BEGIN

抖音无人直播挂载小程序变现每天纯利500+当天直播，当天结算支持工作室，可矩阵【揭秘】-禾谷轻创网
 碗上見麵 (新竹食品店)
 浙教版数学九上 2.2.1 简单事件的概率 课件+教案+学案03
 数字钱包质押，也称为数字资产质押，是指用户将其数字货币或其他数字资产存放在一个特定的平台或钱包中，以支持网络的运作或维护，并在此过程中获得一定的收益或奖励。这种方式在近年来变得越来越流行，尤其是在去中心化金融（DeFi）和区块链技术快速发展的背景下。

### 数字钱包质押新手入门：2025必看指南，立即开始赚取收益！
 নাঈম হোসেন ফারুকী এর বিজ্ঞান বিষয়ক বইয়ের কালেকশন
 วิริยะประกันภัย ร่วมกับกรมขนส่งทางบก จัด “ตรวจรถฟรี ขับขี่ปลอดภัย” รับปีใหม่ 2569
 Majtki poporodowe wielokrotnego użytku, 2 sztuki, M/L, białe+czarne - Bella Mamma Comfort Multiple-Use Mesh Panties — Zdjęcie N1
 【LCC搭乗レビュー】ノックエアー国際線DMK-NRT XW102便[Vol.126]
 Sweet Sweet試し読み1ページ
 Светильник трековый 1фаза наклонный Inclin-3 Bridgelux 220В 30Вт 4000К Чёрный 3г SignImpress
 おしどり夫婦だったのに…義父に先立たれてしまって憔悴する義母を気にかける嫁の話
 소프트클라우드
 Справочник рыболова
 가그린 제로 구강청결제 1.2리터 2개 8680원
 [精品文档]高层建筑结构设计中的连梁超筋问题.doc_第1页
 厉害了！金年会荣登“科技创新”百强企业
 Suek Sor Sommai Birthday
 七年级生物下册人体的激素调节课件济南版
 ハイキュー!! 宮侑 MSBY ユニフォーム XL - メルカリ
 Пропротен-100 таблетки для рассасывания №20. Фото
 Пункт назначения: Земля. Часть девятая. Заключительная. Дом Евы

END

**Task prompt**
Please transcribe the lines from the one containing "七年级生物下册人体的激素调节课件济南版" through the last line of the records. Include both ends and nothing else.

**Solution for this exercise**
 七年级生物下册人体的激素调节课件济南版
 ハイキュー!! 宮侑 MSBY ユニフォーム XL - メルカリ
 Пропротен-100 таблетки для рассасывания №20. Фото
 Пункт назначения: Земля. Часть девятая. Заключительная. Дом Евы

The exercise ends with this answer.